MATERIAL FOR THIS TASK.
......

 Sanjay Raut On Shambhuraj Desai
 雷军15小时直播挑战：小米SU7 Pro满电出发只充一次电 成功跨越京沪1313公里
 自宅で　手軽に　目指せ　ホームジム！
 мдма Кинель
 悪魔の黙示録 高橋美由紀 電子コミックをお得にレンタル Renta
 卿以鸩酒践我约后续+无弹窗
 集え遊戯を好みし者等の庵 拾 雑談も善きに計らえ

......

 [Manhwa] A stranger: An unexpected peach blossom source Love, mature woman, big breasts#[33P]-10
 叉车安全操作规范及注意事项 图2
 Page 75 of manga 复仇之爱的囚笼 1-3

......

TASK ITEM.
Given the records above, restate word for word only the lines starting at the one with "悪魔の黙示録 高橋美由紀 電子コミックをお得にレンタル Renta" and ending at the one with "集え遊戯を好みし者等の庵 拾 雑談も善きに計らえ".

TASK SOLUTION.
 悪魔の黙示録 高橋美由紀 電子コミックをお得にレンタル Renta
 卿以鸩酒践我约后续+无弹窗
 集え遊戯を好みし者等の庵 拾 雑談も善きに計らえ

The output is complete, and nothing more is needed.